ACTIVITY> Output the data word for word, dropping every image.

BEGIN DATASET CONTENT

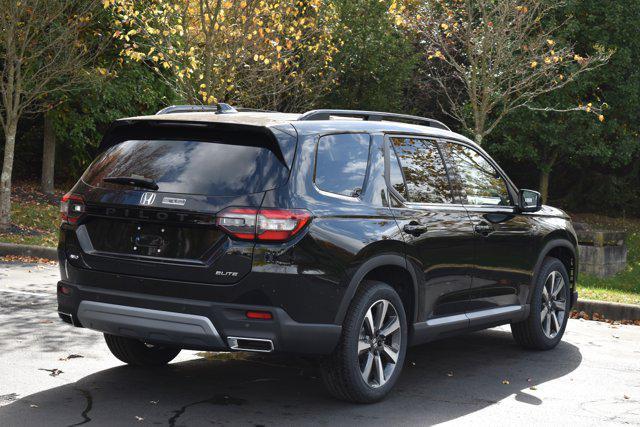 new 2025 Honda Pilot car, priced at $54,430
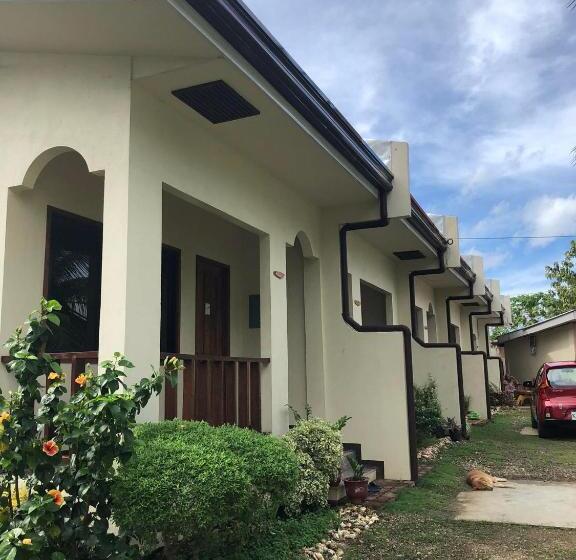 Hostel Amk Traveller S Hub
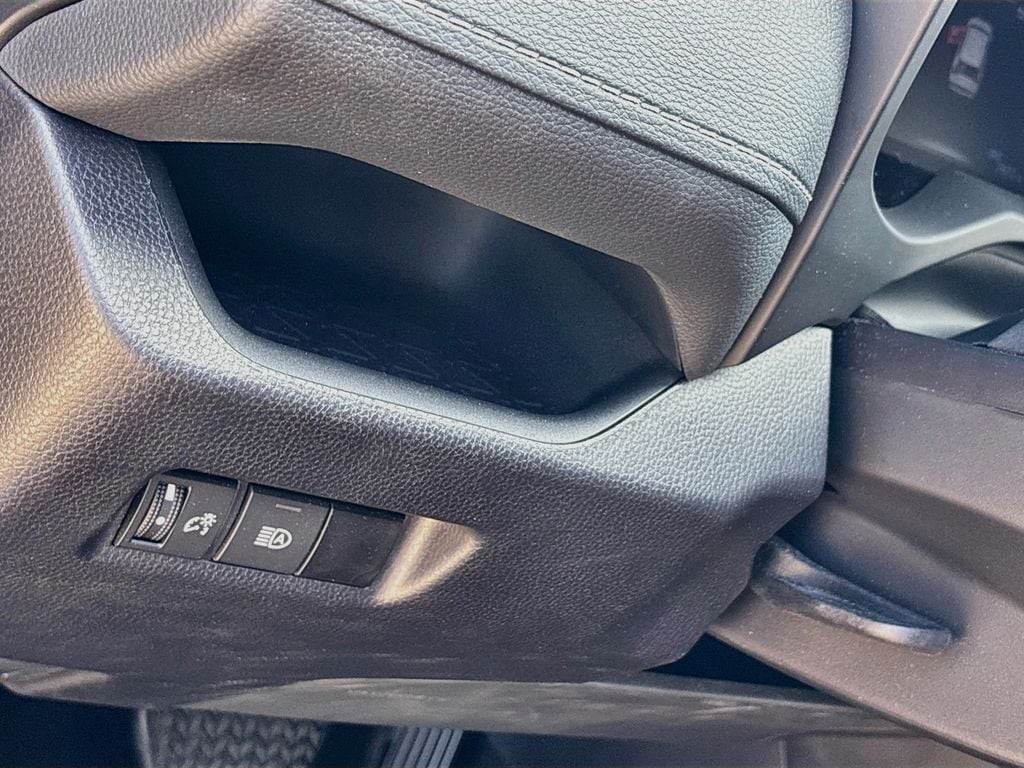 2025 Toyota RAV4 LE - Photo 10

END DATASET CONTENT

EXERCISE RESPONSE>
 new 2025 Honda Pilot car, priced at $54,430
 Hostel Amk Traveller S Hub
 2025 Toyota RAV4 LE - Photo 10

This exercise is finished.